> _Problem_:
Give back, unchanged, the line containing "مساعد النوم ودعم" and every line after it up to the end of the listing.

Input material below:

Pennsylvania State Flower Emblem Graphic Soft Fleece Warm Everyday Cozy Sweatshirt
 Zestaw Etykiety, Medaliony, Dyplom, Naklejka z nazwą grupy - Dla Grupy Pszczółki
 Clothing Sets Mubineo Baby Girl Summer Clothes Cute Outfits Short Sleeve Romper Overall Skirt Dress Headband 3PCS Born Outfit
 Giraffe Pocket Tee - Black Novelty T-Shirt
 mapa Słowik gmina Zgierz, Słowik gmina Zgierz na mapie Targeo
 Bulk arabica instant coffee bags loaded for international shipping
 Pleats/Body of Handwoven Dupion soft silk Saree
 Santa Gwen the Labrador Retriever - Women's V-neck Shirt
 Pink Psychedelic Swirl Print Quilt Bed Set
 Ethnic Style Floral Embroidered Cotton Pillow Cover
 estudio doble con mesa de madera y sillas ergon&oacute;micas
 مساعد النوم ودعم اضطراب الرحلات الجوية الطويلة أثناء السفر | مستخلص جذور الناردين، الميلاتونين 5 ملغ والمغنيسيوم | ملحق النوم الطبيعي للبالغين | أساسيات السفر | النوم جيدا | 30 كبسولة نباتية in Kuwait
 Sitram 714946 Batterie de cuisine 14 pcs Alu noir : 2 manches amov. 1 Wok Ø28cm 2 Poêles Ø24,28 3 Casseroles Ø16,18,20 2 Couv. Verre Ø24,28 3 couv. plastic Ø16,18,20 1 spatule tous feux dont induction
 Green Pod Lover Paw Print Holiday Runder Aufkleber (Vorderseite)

End of Input material.

> _Written solution_:
 مساعد النوم ودعم اضطراب الرحلات الجوية الطويلة أثناء السفر | مستخلص جذور الناردين، الميلاتونين 5 ملغ والمغنيسيوم | ملحق النوم الطبيعي للبالغين | أساسيات السفر | النوم جيدا | 30 كبسولة نباتية in Kuwait
 Sitram 714946 Batterie de cuisine 14 pcs Alu noir : 2 manches amov. 1 Wok Ø28cm 2 Poêles Ø24,28 3 Casseroles Ø16,18,20 2 Couv. Verre Ø24,28 3 couv. plastic Ø16,18,20 1 spatule tous feux dont induction
 Green Pod Lover Paw Print Holiday Runder Aufkleber (Vorderseite)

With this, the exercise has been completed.